Prerequisite: Add to postgresql.conf:
shared_preload_libraries = 'pgclone'
Then restart PostgreSQL.
Async table clone
-- Returns job_id
SELECT pgclone_table_async(
'host=source-server dbname=mydb user=postgres',
'public', 'large_table', true
);
-- Returns: 1
Async schema clone
SELECT pgclone_schema_async(
'host=source-server dbname=mydb user=postgres',
'sales', true
);
Check progress
SELECT pgclone_progress(1);
-- Returns JSON:
-- {"job_id": 1, "status": "running", "phase": "copying data",
-- "tables_completed": 5, "tables_total": 12,
-- "rows_copied": 450000, "current_table": "orders", "elapsed_ms": 8500}
List all jobs
SELECT pgclone_jobs();
-- Returns JSON array of all active/recent jobs
Cancel a job
SELECT pgclone_cancel(1);
Resume a failed job
-- Resumes from last checkpoint, returns new job_id
SELECT pgclone_resume(1);
-- Returns: 2
Progress Tracking View (v2.1.0) with Progress Bar (v2.1.1) and Elapsed Time (v2.1.2)
Query live progress of all async clone jobs as a standard PostgreSQL view with a visual progress bar and elapsed time:
SELECT job_id, status, schema_name, progress_bar FROM pgclone_jobs_view;
job_id | status | schema_name | progress_bar
--------+-----------+-------------+------------------------------------------------------------
1 | running | sales | [████████████░░░░░░░░] 60.0% | 450000 rows | 00:08:30 elapsed
2 | pending | public | [░░░░░░░░░░░░░░░░░░░░] 0.0% | 0 rows | 00:00:00 elapsed
3 | completed | analytics | [████████████████████] 100.0% | 1200000 rows | 00:25:18 elapsed
Separate column for elapsed time:
SELECT job_id, status, elapsed_time, pct_complete
FROM pgclone_jobs_view
WHERE status = 'running';
job_id | status | elapsed_time | pct_complete
--------+---------+--------------+-------------
1 | running | 00:08:30 | 60.0
Full detail view:
SELECT * FROM pgclone_jobs_view;
You can also filter and monitor specific jobs:
-- Only running jobs
SELECT job_id, schema_name, current_table, progress_bar, elapsed_ms
FROM pgclone_jobs_view
WHERE status = 'running';
-- Failed jobs with error messages
SELECT job_id, schema_name, error_message
FROM pgclone_jobs_view
WHERE status = 'failed';
The underlying function pgclone_progress_detail() returns the same data as a table-returning function:
SELECT * FROM pgclone_progress_detail();
Note: Requires shared_preload_libraries = 'pgclone' in postgresql.conf.
Tip: Verbose per-table/per-row NOTICE messages have been moved to DEBUG1 level.

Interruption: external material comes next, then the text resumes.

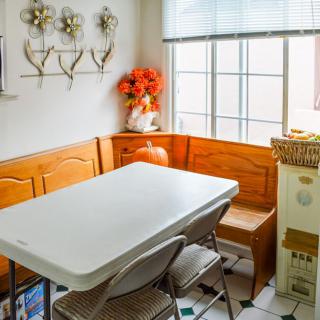 A cozy kitchen nook with a white table, metal chairs, and wooden bench seating by a window adorned with decorative flowers.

To see them: SET client_min_messages = debug1;
Conflict Resolution (v1.0.0)
Control what happens when a target table already exists:
-- Error if exists (default)
SELECT pgclone_table_async(conn, 'public', 'orders', true, 'orders',
'{"conflict": "error"}');
-- Skip if exists
SELECT pgclone_table_async(conn, 'public', 'orders', true, 'orders',
'{"conflict": "skip"}');
-- Drop and re-create
SELECT pgclone_table_async(conn, 'public', 'orders', true, 'orders',
'{"conflict": "replace"}');
-- Rename existing to orders_old
SELECT pgclone_table_async(conn, 'public', 'orders', true, 'orders',
'{"conflict": "rename"}');
Conflict strategy can be combined with other options:
sql
SELECT pgclone_schema_async(conn, 'sales', true,
'{"conflict": "replace", "indexes": false, "triggers": false}');
Parallel Cloning (v2.0.0)
Clone tables in parallel using multiple background workers:
-- Clone schema with 4 parallel workers
SELECT pgclone_schema_async(
'host=source-server dbname=mydb user=postgres',
'sales', true,
'{"parallel": 4}'
);
-- Combine parallel with other options
SELECT pgclone_schema_async(
'host=source-server dbname=mydb user=postgres',
'sales', true,
'{"parallel": 8, "conflict": "replace", "triggers": false}'
);
Each table gets its own background worker. Track all workers via pgclone_jobs().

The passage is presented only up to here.